> _What to do_
Word for word, copy the data that follows and skip its pictures.

> _Records to process_
================================

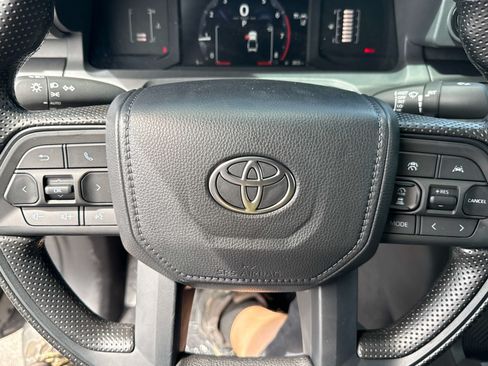 New 2026 Toyota Tacoma SR w/ SR Upgrade Package AWD/4WD image 22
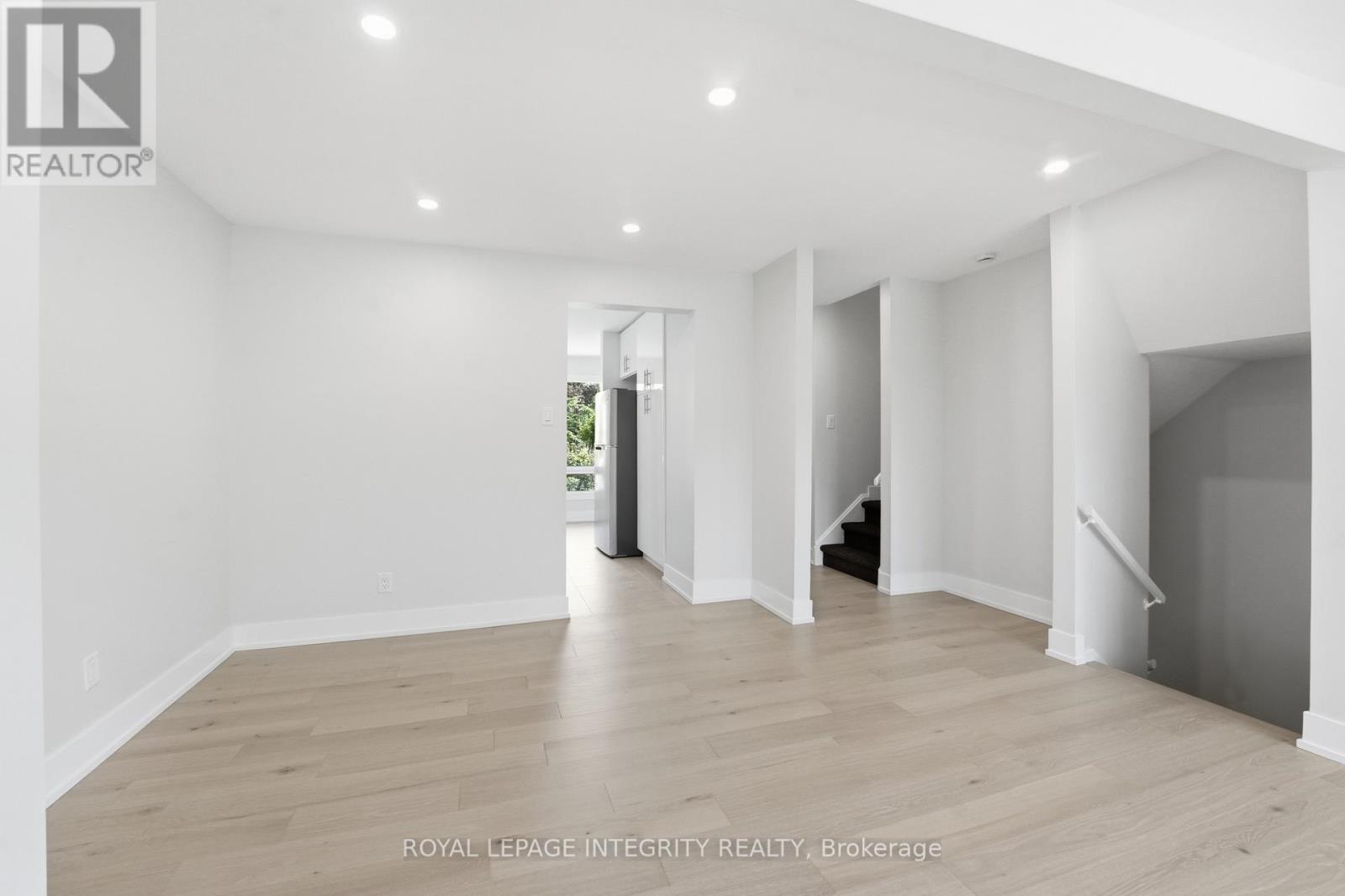 #14 3565 DOWNPATRICK ROAD - 11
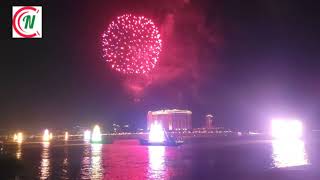 Water Festival Cambodia  Beautiful Fireworks បុណ្យ​អុំទូកកម្ពុជា  កាំជ្រួចស្អាតៗ boatracing [upl. by Aidas]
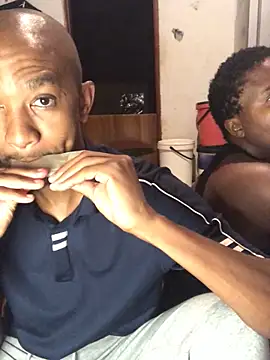 Snapshot of MKbesxxx chatting on 03/22/26, 08:23 MKbesxxx online show from 03/22/26, 08:23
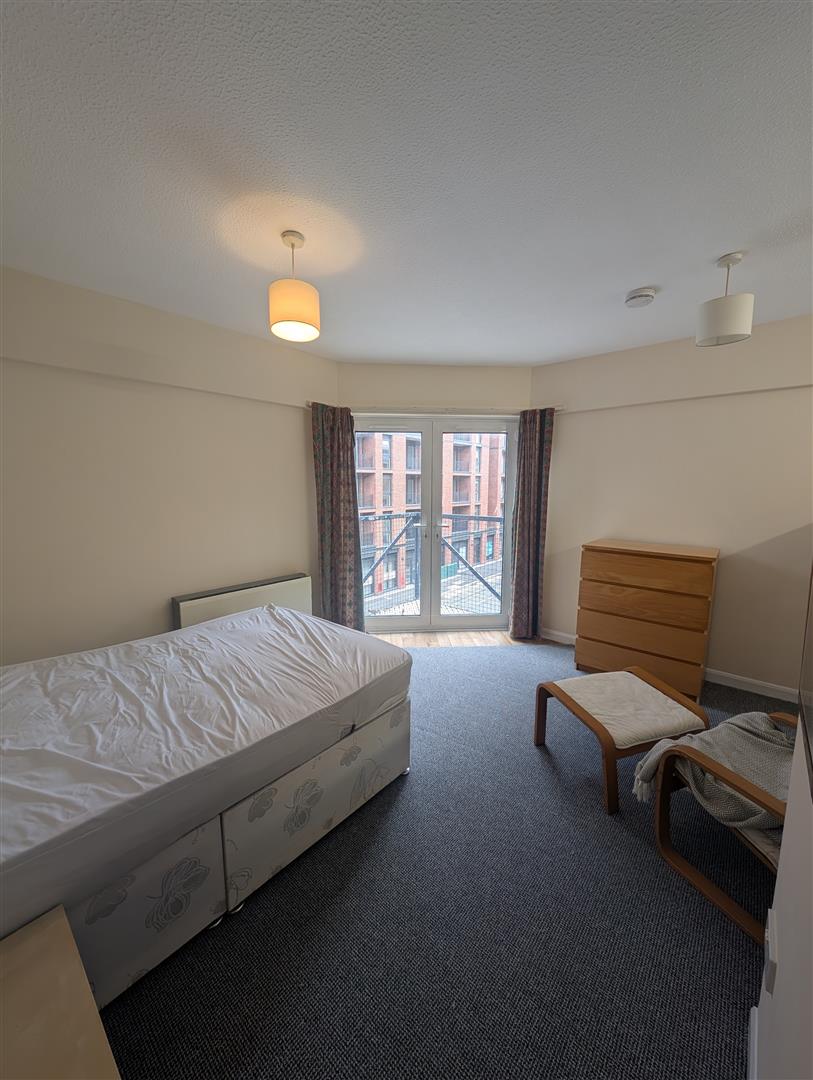 Studio flat to rent in Ferry Street, Bristol 2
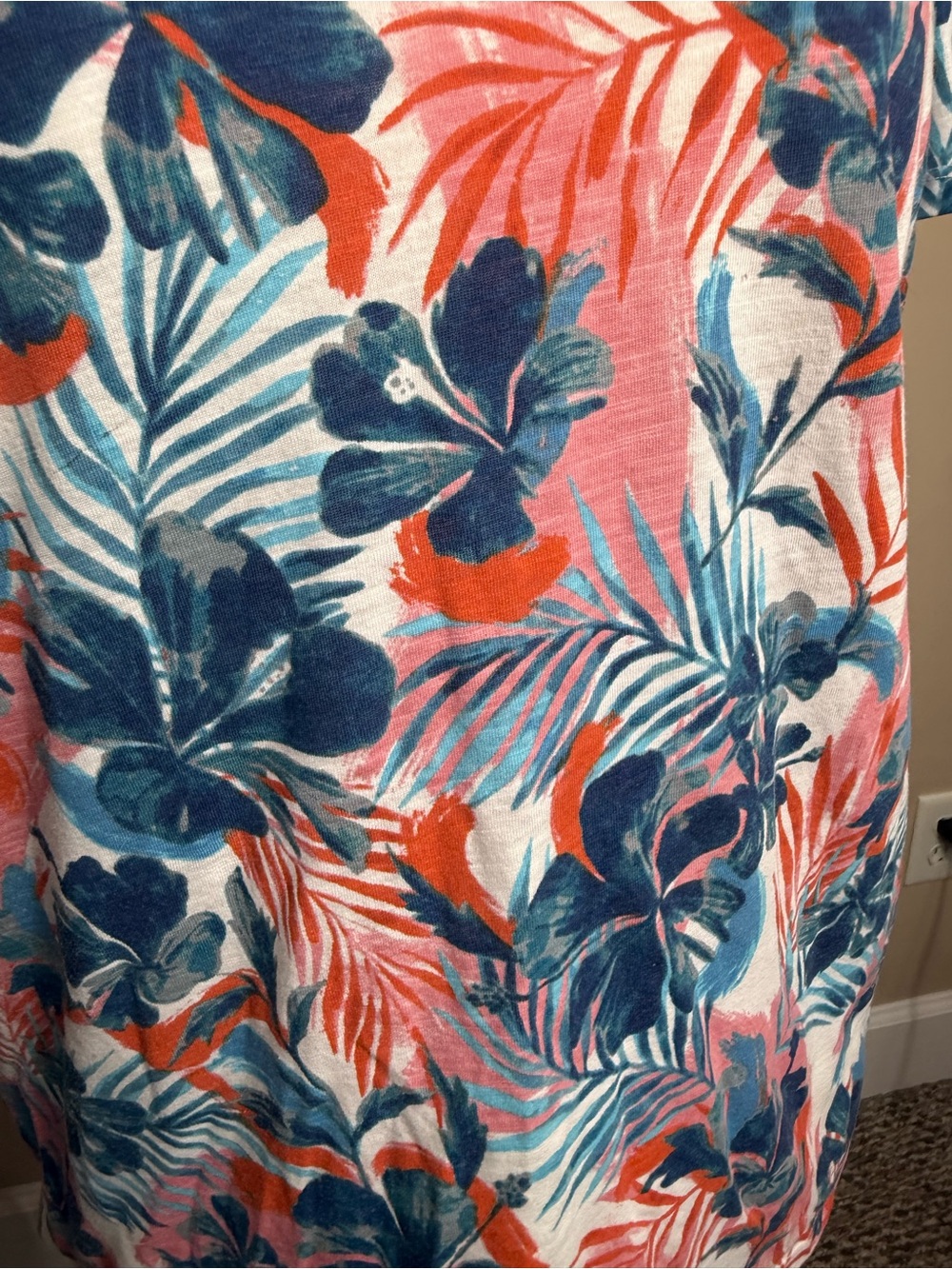 Stella Parker Tropical V-Neck Short Sleeve Tee in Coral & Navy size XL - Picture 7 of 8
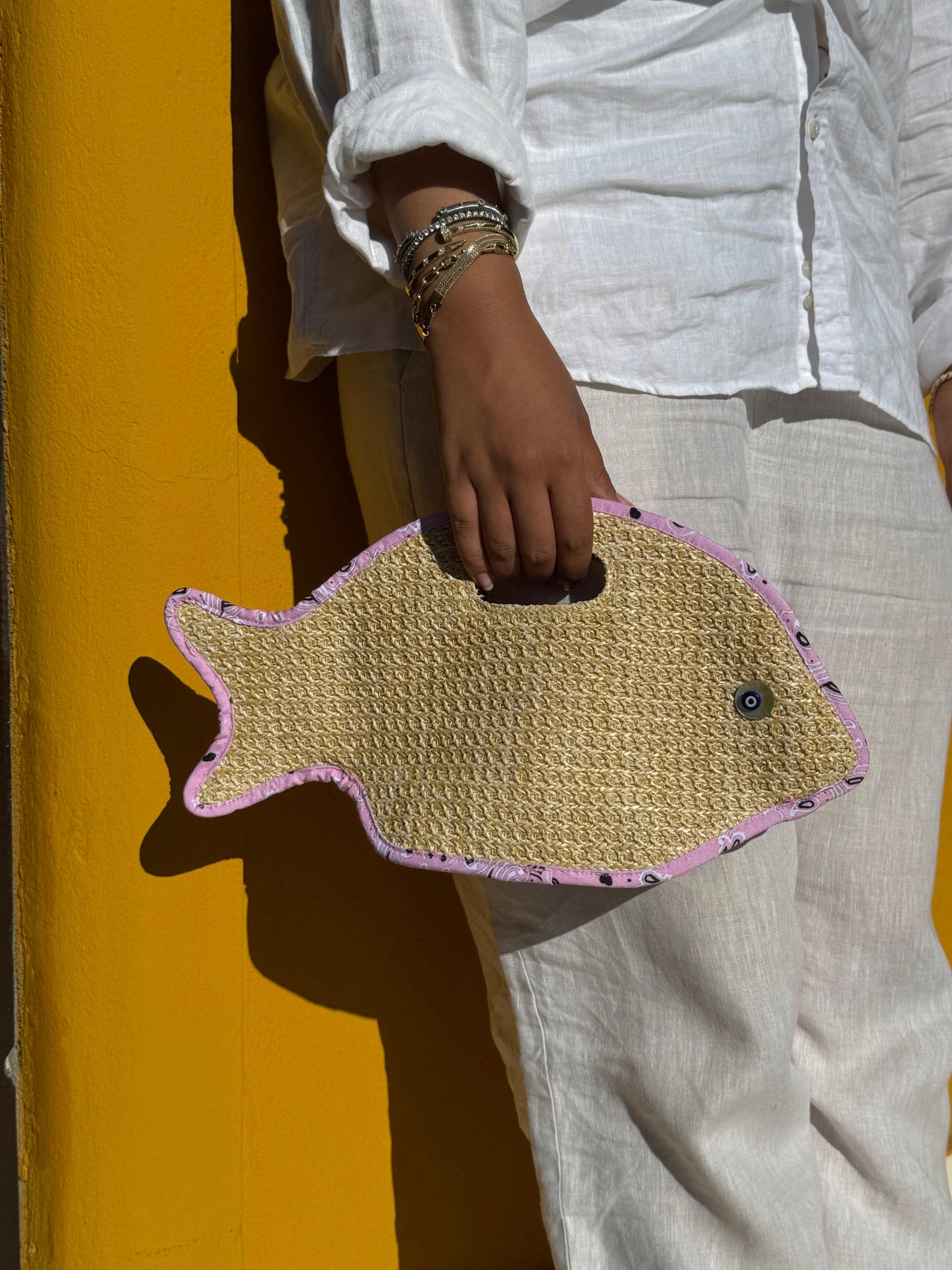 Cleo Fish bag in Raffia & Pink Banadana (xSATISFASHION)q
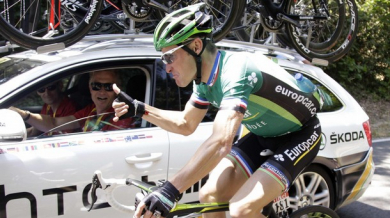Британец триумфира в петия етап на Тур дьо Франс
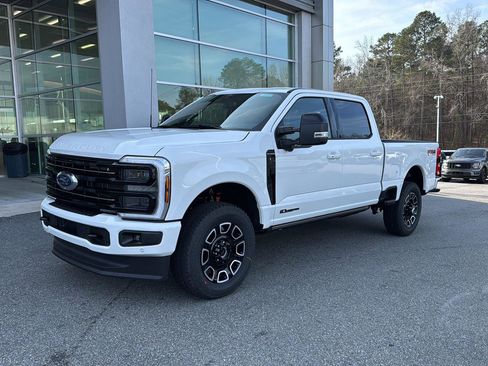 New 2026 Ford F250 Platinum w/ FX4 Off-Road Package AWD/4WD image 2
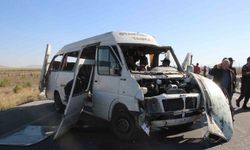 Karaman'da lastiği patlayan minibüs devrildi: 2 ölü, 9 yaralı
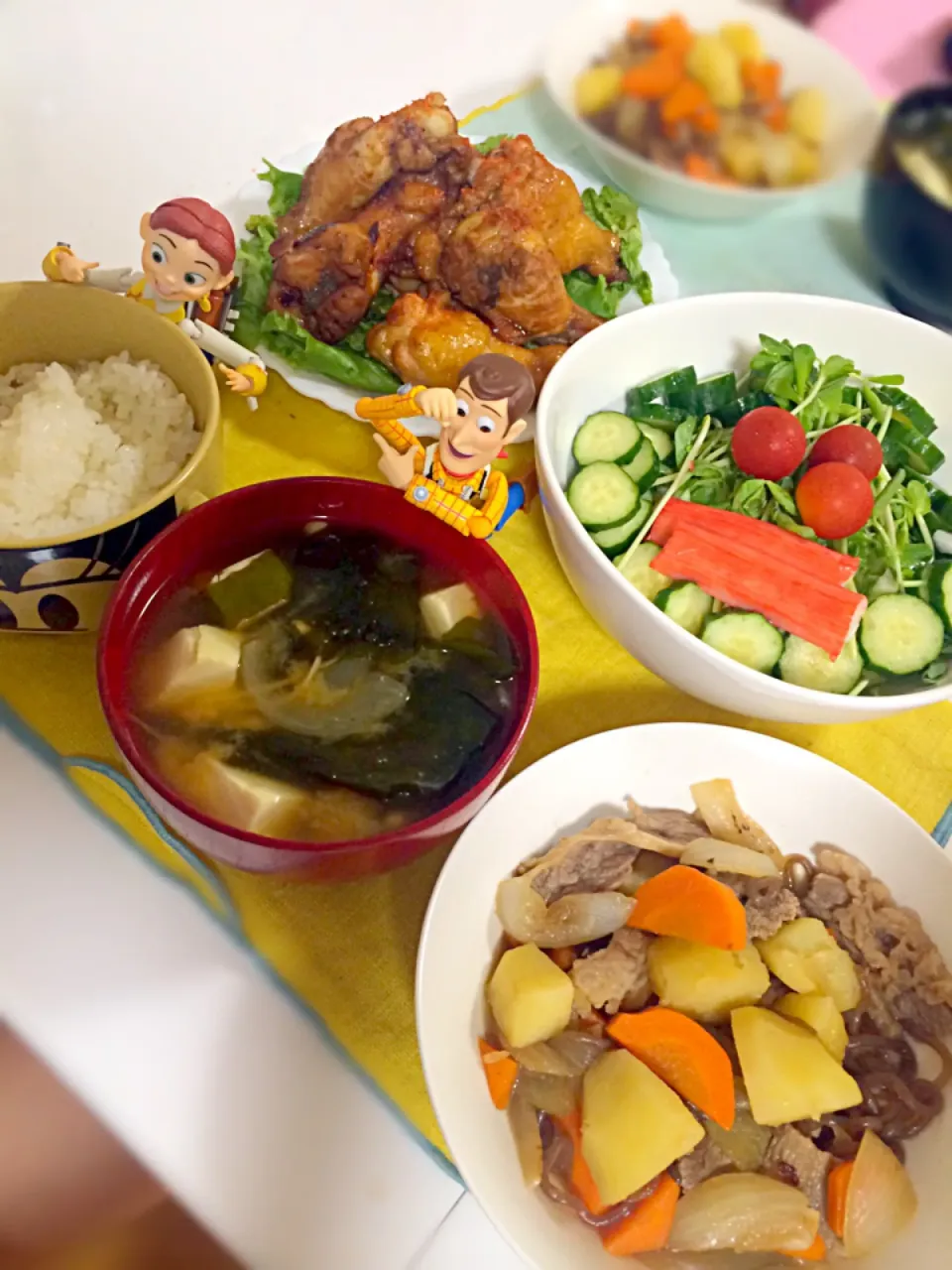 今日の晩ご飯                               肉じゃが    サラダ    味噌汁           手羽元の甘辛焼き|おくるまさん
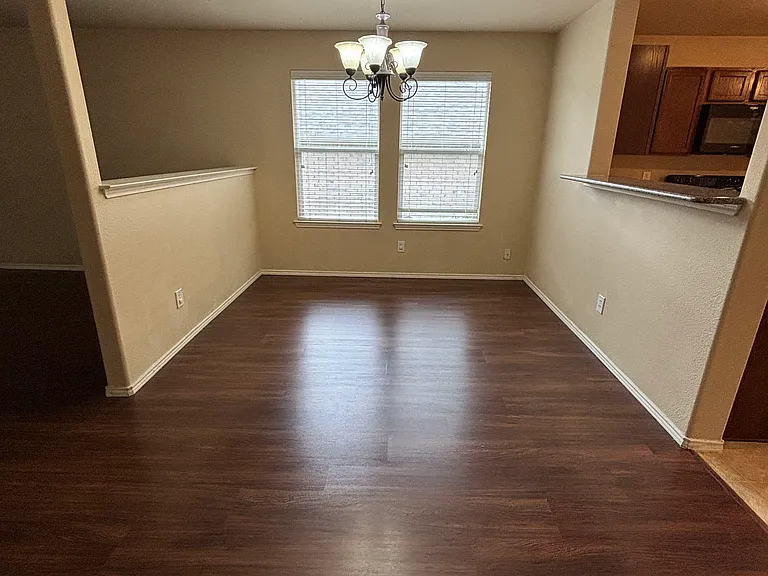 3916 Jeanette Ln — Photo 3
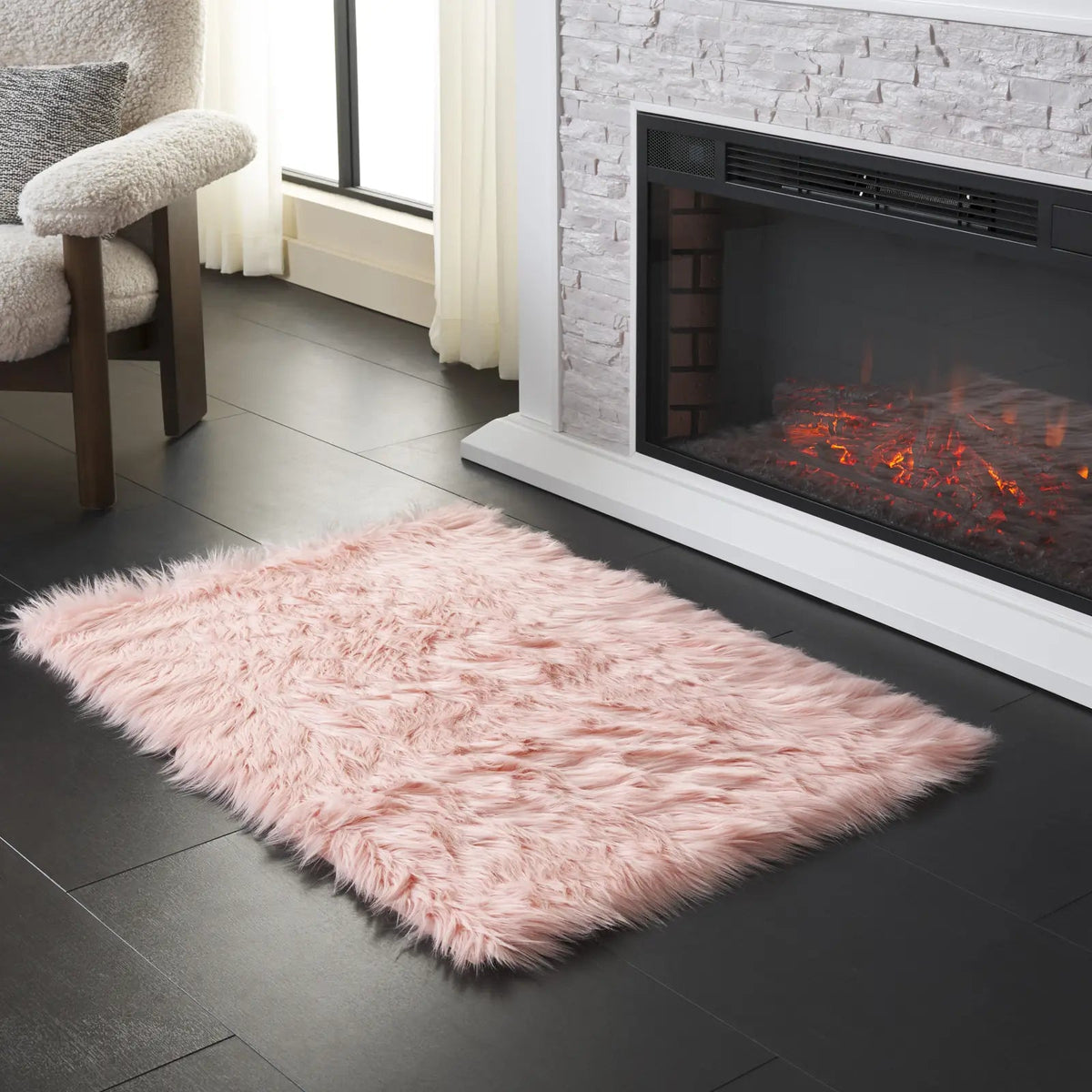 Safavieh Faux Sheep Skin 2'-0" x 3'-0" Rug in Pink
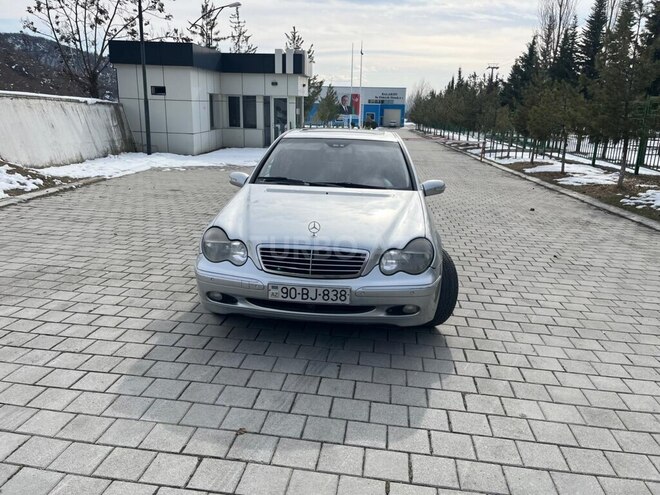 Mercedes C 240 2000, 900,000 km - 2.4 l - Zaqatala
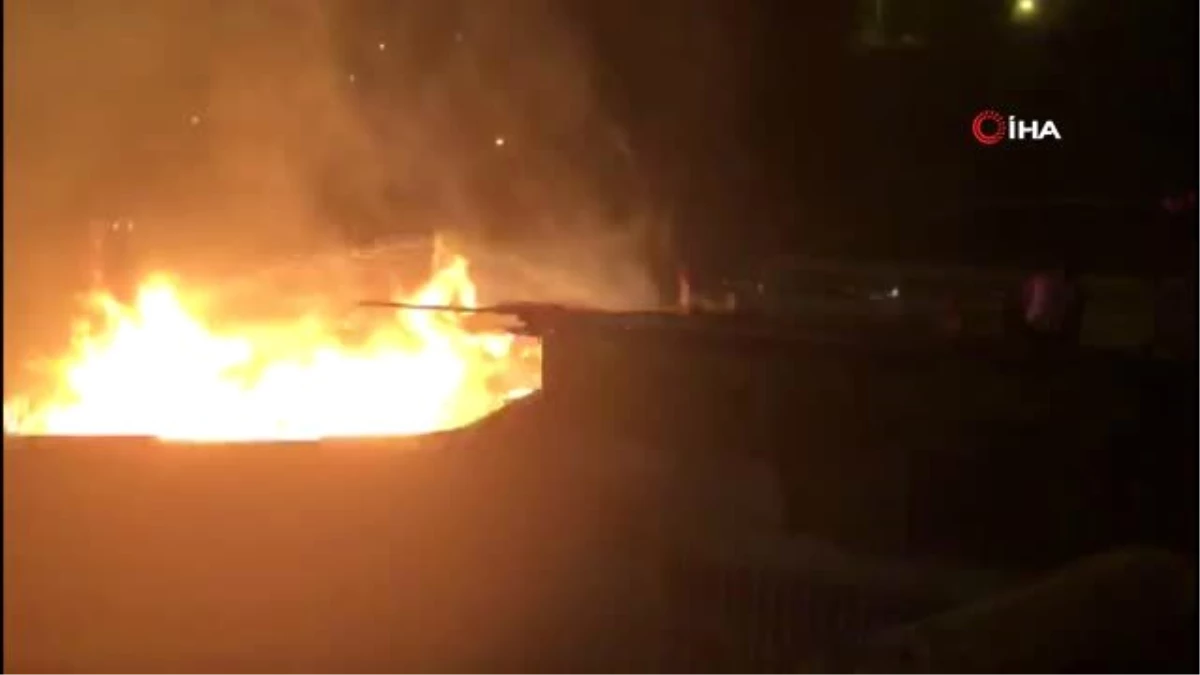 Son dakika haberi: Ankara\'da gecekondu yangınına vatandaşlar bahçe hortumuyla müdahale etti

================================

> _Solution_
 New 2026 Toyota Tacoma SR w/ SR Upgrade Package AWD/4WD image 22
 #14 3565 DOWNPATRICK ROAD - 11
 Water Festival Cambodia  Beautiful Fireworks បុណ្យ​អុំទូកកម្ពុជា  កាំជ្រួចស្អាតៗ boatracing [upl. by Aidas]
 Snapshot of MKbesxxx chatting on 03/22/26, 08:23 MKbesxxx online show from 03/22/26, 08:23
 Studio flat to rent in Ferry Street, Bristol 2
 Stella Parker Tropical V-Neck Short Sleeve Tee in Coral & Navy size XL - Picture 7 of 8
 Cleo Fish bag in Raffia & Pink Banadana (xSATISFASHION)q
Британец триумфира в петия етап на Тур дьо Франс
 New 2026 Ford F250 Platinum w/ FX4 Off-Road Package AWD/4WD image 2
 Karaman'da lastiği patlayan minibüs devrildi: 2 ölü, 9 yaralı
 今日の晩ご飯                               肉じゃが    サラダ    味噌汁           手羽元の甘辛焼き|おくるまさん
 3916 Jeanette Ln — Photo 3
 Safavieh Faux Sheep Skin 2'-0" x 3'-0" Rug in Pink
 Mercedes C 240 2000, 900,000 km - 2.4 l - Zaqatala
 Son dakika haberi: Ankara\'da gecekondu yangınına vatandaşlar bahçe hortumuyla müdahale etti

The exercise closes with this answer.